Bharat Forge conducted its analyst meet in Pune on 22 April, which focused on showcasing the company’s preparedness to capture new business from changing emission norms, large domestic defence projects and working closely with OEMs. Management expects domestic defence to be a very large opportunity, driven by not just maintenance-related supplies/contracts but capital programmes (manufacturing and development). The company is already doing trial runs and believes the government push to indigenise will be a major boost.
Another major opportunity BHFC sees is making highly load bearing, but appropriately light, transmissions (axles, gears) to support ever-changing emission norms.

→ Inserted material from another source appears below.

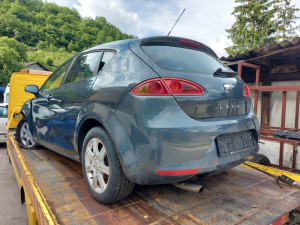 Seat Leon 1.9 tdi 77 kw 2006 god alu felge - dijelovi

Management expects to double its content per vehicle for CVs and close to triple it on the PV side due to these developments. While we like BHFC’s structural story with it taking the right steps to capture potential future business and its revenue growth close to bottoming out, we think current valuations at 33x FY18 P/E reflect this very well. Maintain our Neutral.
Domestic defence expected to be a very large opportunity
As per Bharat Forge (BHFC) management, domestic defence contracts are likely to be a large future opportunity. While thus far, BHFC has participated largely in the ‘revenue’ programmes (maintenance-related contracts), there is a lot of domestic business to be tapped on the ‘capital’ (manufacturing of artillery and large guns) side. As per management, this could be a Rs 600 bn opportunity over the next 15 years from capital programmes and another Rs 600 bn may come from maintenance.
For example, the group has participated in a project to convert old Russian 130 mm guns into new 155 mm guns. If trials are successful, this may lead to a total order of 1,500 guns from this project alone. To capitalise on contracts on making air defence systems, Bharat Forge has tied up with three of the best companies in the world: SAAB (Sweden), Rafael (Israel) and IAR (Israel aircraft industries). Currently, there are few domestic players with the requisite capabilities and hence Bharat Forge expects to gain a sizeable share of this business.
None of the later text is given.